> [Work item]:
Find the line below with "Floor plan for 1 bed, 1 bath, 618 sqft" and the line with "Гель nub shimmer". Output exactly those lines and everything between them, leaving out the pictures.

> [Records for processing]:
┄┄┄┄┄┄┄┄┄┄┄┄┄┄┄┄┄┄┄┄

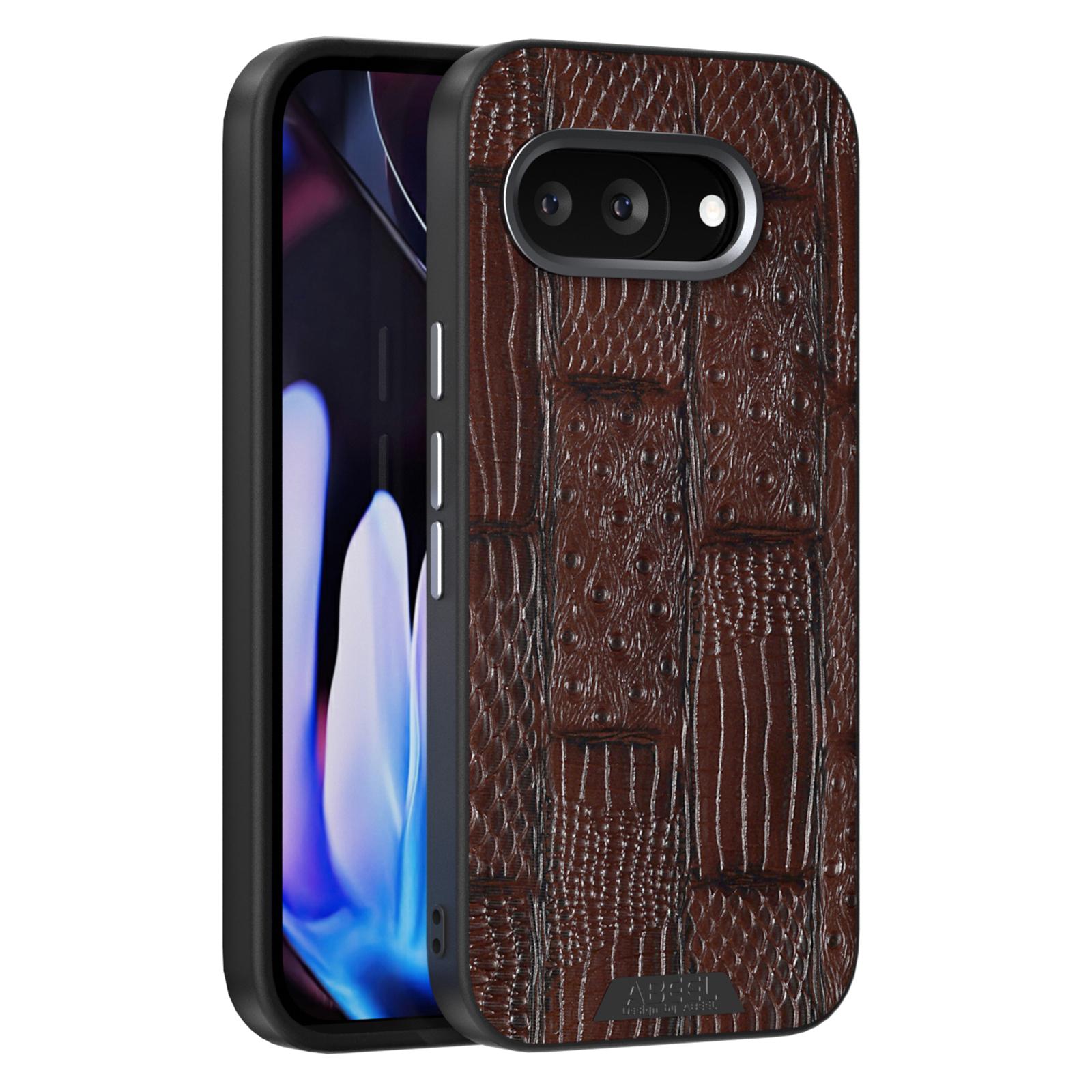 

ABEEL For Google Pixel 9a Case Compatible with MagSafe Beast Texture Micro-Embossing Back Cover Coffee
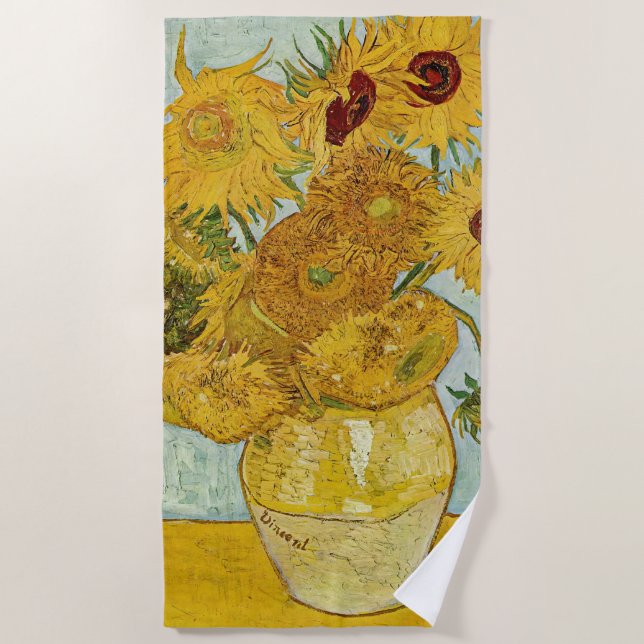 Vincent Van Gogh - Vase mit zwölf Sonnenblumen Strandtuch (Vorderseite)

┄┄┄┄┄┄┄┄┄┄┄┄┄┄┄┄┄┄┄┄

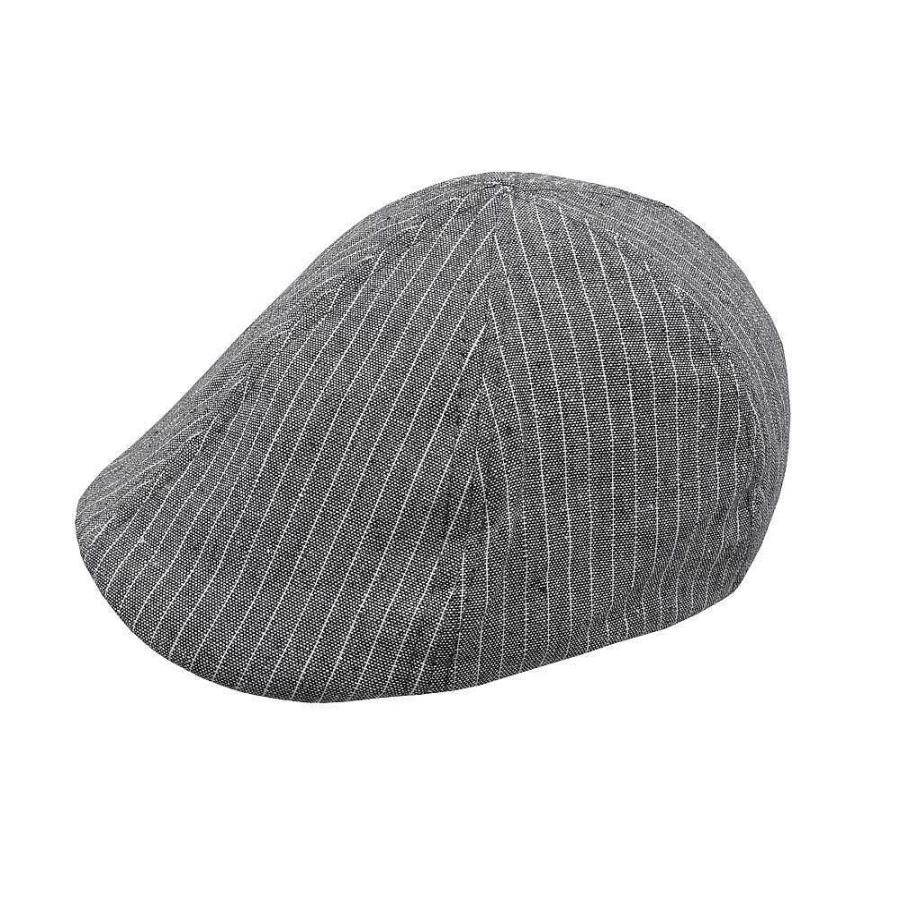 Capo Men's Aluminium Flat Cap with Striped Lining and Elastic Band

┄┄┄┄┄┄┄┄┄┄┄┄┄┄┄┄┄┄┄┄

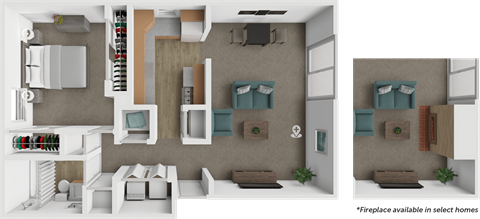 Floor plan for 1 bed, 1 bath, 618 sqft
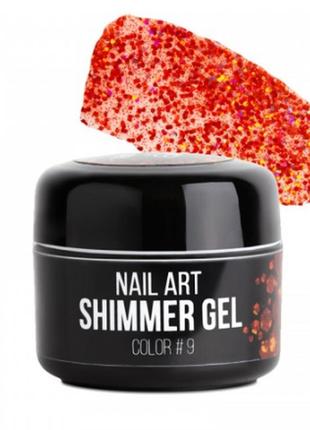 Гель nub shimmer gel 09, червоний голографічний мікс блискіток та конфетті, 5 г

┄┄┄┄┄┄┄┄┄┄┄┄┄┄┄┄┄┄┄┄

> [Result of this task]:
 Floor plan for 1 bed, 1 bath, 618 sqft
 Гель nub shimmer gel 09, червоний голографічний мікс блискіток та конфетті, 5 г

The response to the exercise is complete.